2. La direttrice socioeconomica
Le origini di questo primo indirizzo della sociologia dei consumi risalgono al XVIII secolo, quando, in seguito alla rivoluzione industriale, cominciano a costituirsi nelle città europee i primi nuclei di popolazione operaia. Anche se l'interesse degli studiosi dell'epoca verso i consumi delle nuove classi emergenti era in realtà strumentale, trattandosi più che altro di indagini tese a individuare nuove misure di politica sociale, non c'è dubbio però che furono proprio queste prime rilevazioni - condotte attraverso i 'bilanci' delle famiglie - ad aprire la strada alla riflessione sociologica sul consumo. Già nel 1672 William Petty aveva studiato i consumi delle famiglie operaie inglesi allo scopo di individuare nuovi criteri di tassazione. Circa cento anni dopo il reverendo David Davies ripeté l'operazione raccogliendo centocinquanta bilanci di famiglie contadine inglesi, al fine di definire un livello minimo di salario calcolato sul costo della vita. E qualche anno dopo, sempre in Inghilterra, Frederick Eden svolse indagini analoghe allo scopo, questa volta, di riformare le leggi inglesi sulla povertà.
Malgrado l'importanza delle finalità sociali che le ispiravano, queste prime esplorazioni sociologiche del consumo non andavano però molto al di là di una semplice registrazione ed elencazione di spese. Per trovare infatti osservazioni più accurate e sistematiche su questi temi, occorrerà attendere le famose monografie sui redditi e sui consumi delle famiglie operaie europee che Frédéric Le Play pubblicò intorno alla metà del secolo scorso e che costituiscono senz'altro le prime vere indagini sociologiche sul consumo. Furono proprio i risultati di queste ricerche a sollecitare l'interesse di Ernst Engel, uno statistico prussiano che, perfezionando la metodologia dei bilanci familiari, riuscì a raccogliere dati ancora più dettagliati sulle entrate e le uscite delle famiglie, individuandone anche alcune importanti regolarità di fondo.
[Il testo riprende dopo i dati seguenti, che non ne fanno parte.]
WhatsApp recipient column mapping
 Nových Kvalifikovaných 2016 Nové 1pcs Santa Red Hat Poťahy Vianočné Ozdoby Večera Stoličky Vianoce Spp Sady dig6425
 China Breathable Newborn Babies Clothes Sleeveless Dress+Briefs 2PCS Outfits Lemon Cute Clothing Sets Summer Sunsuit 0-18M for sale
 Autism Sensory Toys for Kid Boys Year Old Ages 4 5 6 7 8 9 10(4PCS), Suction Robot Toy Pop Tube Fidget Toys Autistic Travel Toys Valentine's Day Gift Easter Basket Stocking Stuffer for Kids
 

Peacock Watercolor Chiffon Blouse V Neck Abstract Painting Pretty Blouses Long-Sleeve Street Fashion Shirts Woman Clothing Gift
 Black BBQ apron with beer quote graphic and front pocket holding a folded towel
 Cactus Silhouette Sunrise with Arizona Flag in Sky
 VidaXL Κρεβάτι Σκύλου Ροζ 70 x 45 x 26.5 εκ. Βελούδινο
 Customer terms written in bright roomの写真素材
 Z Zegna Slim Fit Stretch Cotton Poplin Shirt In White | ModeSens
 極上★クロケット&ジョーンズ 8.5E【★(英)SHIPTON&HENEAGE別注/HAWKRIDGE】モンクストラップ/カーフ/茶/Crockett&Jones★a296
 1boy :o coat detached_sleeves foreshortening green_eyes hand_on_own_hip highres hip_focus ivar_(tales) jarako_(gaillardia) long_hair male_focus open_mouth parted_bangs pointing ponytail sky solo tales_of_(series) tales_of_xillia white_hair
Risale infatti proprio a Engel (1895) la prima 'legge generale sul consumo' - nota appunto come 'legge di Engel' - secondo cui la quota percentuale di spesa per l'alimentazione di una famiglia o di una collettività è tanto più elevata rispetto alla spesa totale, quanto più basso risulta il reddito di quella famiglia o di quella collettività, e viceversa.
Queste prime analisi sulla ripartizione delle spese delle famiglie vennero ulteriormente approfondite da Maurice Halbwachs che, circa quarant'anni dopo Engel, puntualizzò quelli che sicuramente costituiscono i due punti centrali dell'approccio socioeconomico al consumo, e cioè: a) a parità di reddito, i consumi delle famiglie sono influenzati da numerosi fattori sociali, come, ad esempio, l'occupazione del capofamiglia, la zona di residenza, ecc.; b) i bisogni, e per conseguenza i modelli di consumo e gli stili di vita, non dipendono dal livello del salario, ma sono piuttosto un prodotto storico, determinato cioè dalle condizioni sociali, economiche e culturali che caratterizzano una determinata epoca, e pertanto è impossibile pensare a salari fissi - come in precedenza avevano sostenuto economisti classici come Turgot e Ricardo - dal momento che non esistono bisogni essenziali fissi.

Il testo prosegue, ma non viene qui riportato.